Recupero solo due gesti che anche stasera rivivremo. 

   1. Lavare i piedi

Il primo gesto che Gesù fa è di prendere tra le sue mani i piedi degli uomini e lavarli. Il racconto del vangelo dice che Gesù si alzò da tavola e depose le vesti. Per il vangelo di Giovanni “deporre” è una tipica espressione per indicare il gesto di “offrire la vita”, Gesù si spoglia della propria vita per donarla all’uomo. Poi Gesù prende l’asciugatoio che era e ancora oggi è lo strumento del servizio, si cinge l’asciugatoio ai fianchi!

Gesù non è un servo part-time, non fa servizio a ore, tutta la sua persona è servizio, il suo nome stesso è “Servo del Signore”. Il suo è un servizio permanente, tant’è vero che quando riprende le vesti non viene detto che si toglie il grembiule. Anche ora, mentre io vi parlo, Gesù è in atto di servizio verso di noi, sta passando a servirci. 
Poi Gesù lava i piedi agli apostoli. Nella cultura ebraica era compito dello schiavo stare alla porta e lavare i piedi sporchi degli ospiti che arrivavano dopo un lungo viaggio. Lavare i piedi impolverati era un rito di purificazione e di ospitalità. Lo doveva compiere lo schiavo, un uomo che nella classifica sociale di quella cultura valeva “zero”. Possiamo immaginare la scena: stendevano i piedi sporchi, lui li lavava e asciugava, nessuno sguardo o parola di gratitudine erano dovuti allo schiavo, pronto a prendere tra le mani un altro piede. Questo spiega la reazione contrariata di Pietro: “Signore tu lavi i piedi a me? Pietro resiste al gesto che vedrebbe Gesù fare la parte dello schiavo, ma poi viene convinto dalle parole del Maestro stesso: “Se non ti laverò, non avrai parte con me”. Allora cede e si lascia lavare i piedi, perché “avere parte” con Gesù, cioè essere in comunione con lui, è importante per Pietro. 

Ma qual è il significato del gesto di lavare i piedi agli uomini? Perché Gesù lo compie? E perché proprio i piedi? Perché i piedi rappresentano il luogo in cui gli uomini vengono feriti. Qualcuno di voi ricorderà la storia di Achille, l’eroe che aveva il suo punto vulnerabile nel piede e durante l’assedio di Troia fu colpito al tallone e morì dissanguato. La Bibbia ci ricorda che il serpente insidierà il calcagno di Eva. Il valore simbolico del piede sta nel fatto che, permettendoci il contatto con la terra, rappresenta il punto di appoggio per la nostra postura verticale. “Stare in piedi” è decisivo per l’uomo. Se stai in piedi sei libero di muoverti e di realizzare i tuoi scopi.
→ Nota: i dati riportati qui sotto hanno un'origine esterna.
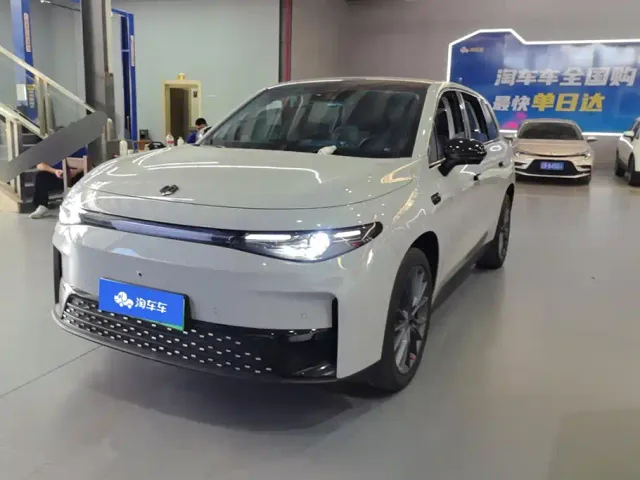 Фотография автомобиля — Leapmotor C10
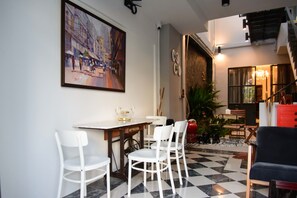 Lobby sitting area - 87 Oldtown @ River Pier (Bangkok)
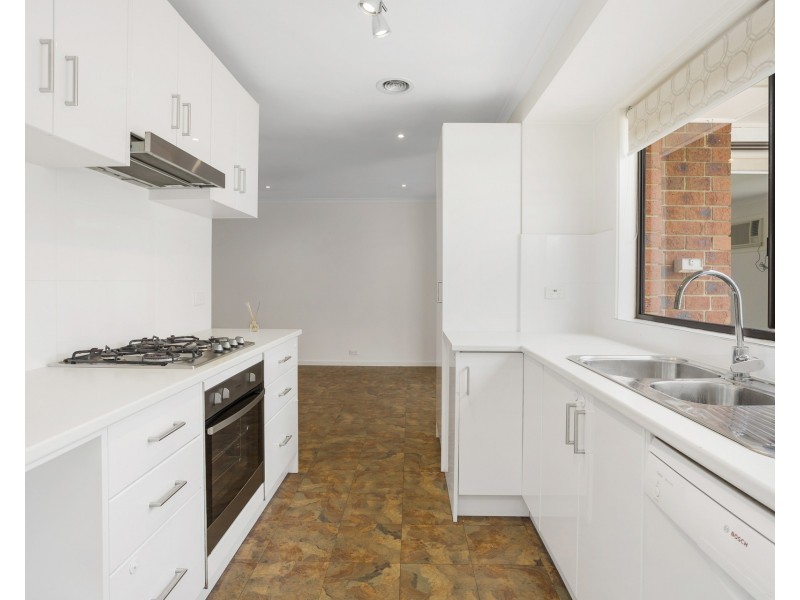 5 Pine Drive, Altona Meadows VIC 3028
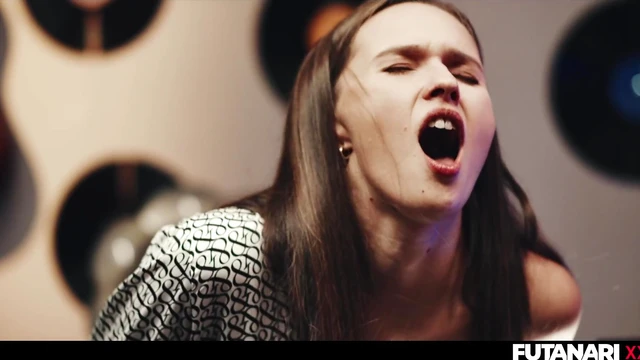 Veronica Leal Joins Epic Fuck-Fest with Futa Girls & Massive Loads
Se hai il piede ferito significa che sei minacciato e la tua stabilità è compromessa. Dio lava i nostri piedi perché li vuole purificare, perché ci vuole rialzare, ci vuole rimettere in piedi. Gesù nel cenacolo compie il gesto della lavanda dei piedi che è profetico del Calvario e ci offre la chiave giusta per interpretare il senso della croce come il servizio compiuto per renderci liberi e per restituirci la nostra dignità che è quella di essere creati a immagine di Dio per essere figli del Padre. 
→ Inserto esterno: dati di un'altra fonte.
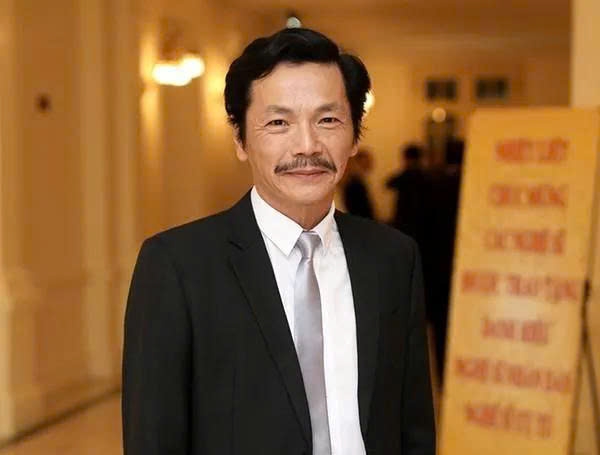 Sau "Về nhà đi con", nam nghệ sĩ góp mặt trong các phim truyền hình như "Đấu trí", "Chúng ta của 8 năm sau"; "Thương ngày nắng về"... Ông nhận danh hiệu NSND vào năm 2019. Năm 2021, NSND Trung Anh nghỉ hưu tại Nhà hát Kịch Việt Nam. Những năm qua, ông vẫn tham gia các dự án điện ảnh và truyền hình, giảng dạy tại trường Đại học Sân khấu và Điện ảnh Hà Nội.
Nel pomeriggio, mentre pregavo per voi, mi sono chiesto: quale gesto Gesù vorrebbe fare per questa nostra comunità parrocchiale? E mi sono detto che Gesù desidera fare proprio questo gesto: “lavare i piedi”, per rimetterci in piedi.

Fra poco ripeterò il gesto di Gesù che si è avvolto i fianchi con l’asciugatoio e poi ha avvolto i piedi dei discepoli con l’asciugatoio. Il grembiule, cioè il servizio, dalla persona di Gesù passa ai nostri piedi.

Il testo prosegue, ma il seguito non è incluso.